The Bonferroni method is said to be is said to be "conceptually simple, conservative, and only requires the ability to compute confidence intervals for $G$ for hypergeometric distributions" ([Causal Inference Notes](https://ucb-stat-159-s21.github.io/site/Notes/causal-inference.html)). This more conservative approach can result in intervals that are unnecessarily wide. The method 3 from Li and Ding looks at all of the potential outcomes. This means that method 3 requires more memory and time to run. The Bonferroni method is much faster. Still, both methods resulted in confidence intervals in the negative range. This means that they both show that the Regeneron has a significant effect on preventing COVID-19 infection.

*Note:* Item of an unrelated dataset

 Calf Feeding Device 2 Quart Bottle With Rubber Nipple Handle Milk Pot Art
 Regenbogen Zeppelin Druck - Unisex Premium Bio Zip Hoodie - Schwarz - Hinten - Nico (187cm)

### Is it statistically legitimate to use one-sided confidence intervals? Why or why not?

It is statistically legitimate to use one-sided confidence intervals. The approach is more conservative, but it does result in a confidence intervals at confidence level $1 - \alpha$.

### Are the two-sided confidence intervals preferable to the one-sided intervals? Why or why not?

The two-sided confidence intervals are preferable to the one-sided intervals. We care about if the treatment is effective and if the treatment is ineffective. The one-sided lower shows the effectivenness of the treatment at best. The one-sided upper shows the effectiveness of the treatment at worst. We would prefer all of the information taht the two-sided confidence intervals provide.